Buttoning his shirt, Munday said, “Father Dowle thought it was serious enough to send me home.”

“I’m not saying it’s not serious. You’ve got to take care of yourself. But you’re better off here in any case, aren’t you?”

“Here?”

“England,” said the doctor.

A black house in a remote village, Munday wanted to say, that’s the only England I know now. But he said: “Father Dowle specifically said—”

“God,” said the doctor. He walked over to the door and opened it. “I remember once when we were doing a urinalysis. There was a girl in the class—forget her name, not very pretty. Dowle slipped gold filings in her specimen when she wasn’t looking, then showed her how to do a gold test on it. She thought he had taken leave of his senses, of course, but when it came out positive she was beside herself. ‘Gold in my urine!’ she said, and Dowle leaned over and said in a heavy brogue, ‘They’re laughing, but I’m thinking we should sink a shaft, my dear.’ ”

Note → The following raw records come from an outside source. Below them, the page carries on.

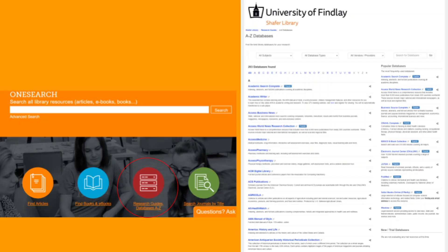OneSearch is also not the only database you can use. The library has several databases available on the A-Z list on the library website. You can check out the databases by discipline, source type, and vendor to find the one that's best for you. It's recommended that you try a database relevant to your subject area because it will retrieve the most relevant results.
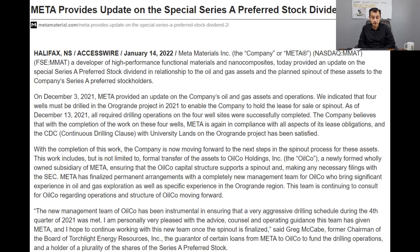The team has specific experience in the Oringrande region and will continue to consult for OilCo regarding operations and structure going forward. We do need oil and gas specialists and it will be interesting to find out who this team is. They have been instrumental in ensuring a very aggressive drilling schedule during Q4 2021, which was met. Greg McCabe, chairman of the board of Torchlight Energy Resources, said he is very pleased with the advice, counsel and operating guidance this team has given Meta, and hopes to continue working with them once the spin-out is finalized.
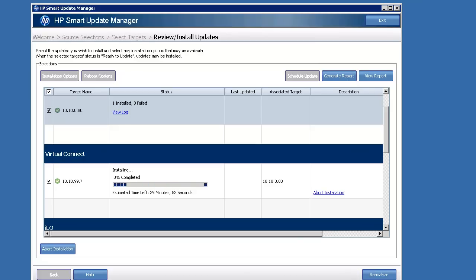And now it's going to start installing the software on the VC. On note, it did a graceful update of the OA. No actual interruption was seen. And it's going to do the same for the VC.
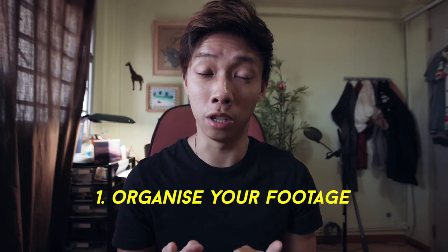Alright, so my very first tip is to organize your footages. This is so important even before you edit, because imagine if you just came back from like a 2 week trip and you have tons of footages in one folder. It's gonna be so difficult to try and find what you need. So let's just head to my computer screen and let me show you how I organize my stuff.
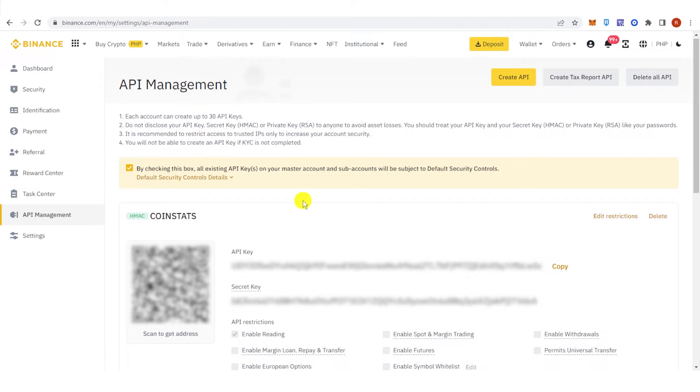And after I completed the verification code, you can now see here your API key, your secret key, and even the QR code. So let's copy this.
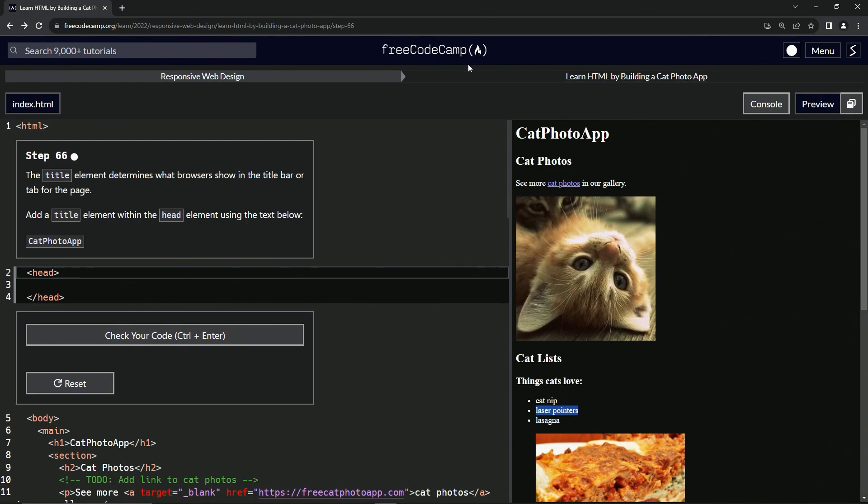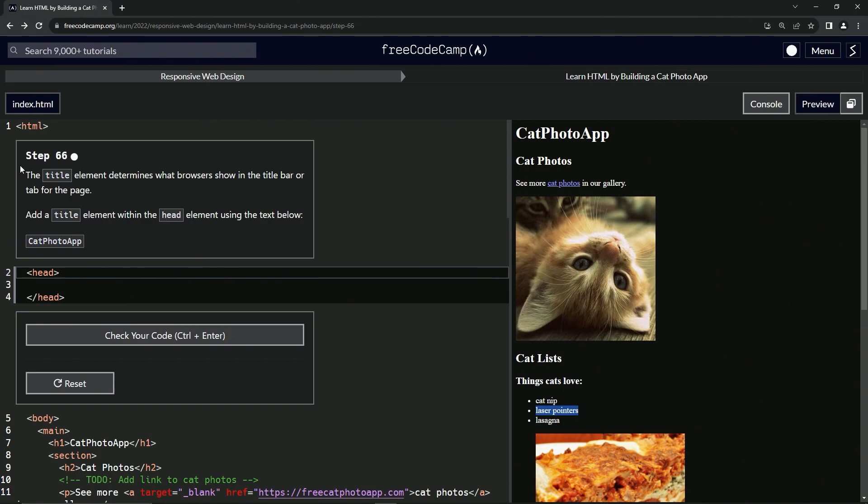Now we're doing FreeCodeCamp responsive web design, learn HTML by building a cat photo app, step 66.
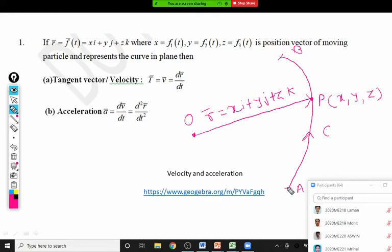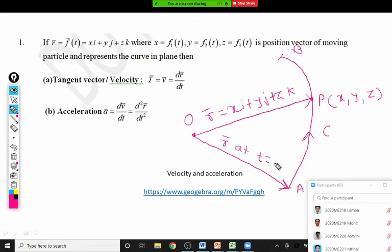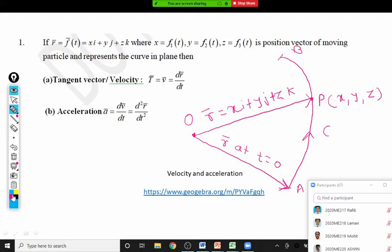This position vector r̄ is also known as the displacement vector of the moving particle. In general, this position vector mainly depends on some parameter, and most of the time that parameter is time t. For each value of t there is exactly one position of the particle on the curve. Now, if r̄ is the displacement vector, the velocity vector is given by the rate of change of displacement: v̄ = dr̄/dt. This is one of the simplest formulas — rate of change of displacement is velocity.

“That’s ten guineas gone west,” said Alec in the Wheatsheaf. He had been waiting at the end of a long bench by the wall, and seeing Munday enter he rose and greeted him loudly in Swahili, the way he always had on the verandah of the Mountains of the Moon Hotel on a Saturday morning. That was Munday’s day in Fort Portal and he always spent it with Alec in continuous drinking, watching the road and the progress of the sun, until it was time to drive back to the camp, a long bumpy trip his drunkenness shortened by blurring. At the end of those afternoons, watching the fierce blood-red sunset, crimson chased with yellowing pink on the mountains, Alec used to say, “They’re killing each other again in Bwamba.”

10

Alec had managed a tea estate, and Munday in town for the week’s supplies looked forward to the older man’s company while Emma visited her friends and used the British Council Library. It was some relief from what after a year had become monotony in the village. Alec had sat, often jeering humorously with his cronies, and sometimes with the African girl who lived with him, whose picture appeared on the yellow tea wrapper—in the picture she was holding a similar packet of tea. Munday had never seen Alec in England; today he was alone in the crowded pub, looking burdened by his heavy suit and rather older: a sunburn had always masked the boozy floridness of his face and without it the patches of bright veins only emphasized his pallor. But his voice was the old familiar trumpet and his shouted Swahili caused several people nearby to turn and listen, and Alec, noticing their curiosity, had continued. Only when Munday was seated beside him did Alec lower his voice and resume in English.

“You reminded me,” Munday had said, and he told his story of having spoken Swahili to the porter at Waterloo. What had made him feel ridiculous in Emma’s eyes impressed Alec, and Alec said, “So you’re still the bwana mkubwa. That happened to me once in Marseilles. I opened my mouth to speak French and out came 'Kuja hapaV Baffled those frogs, I can tell you.”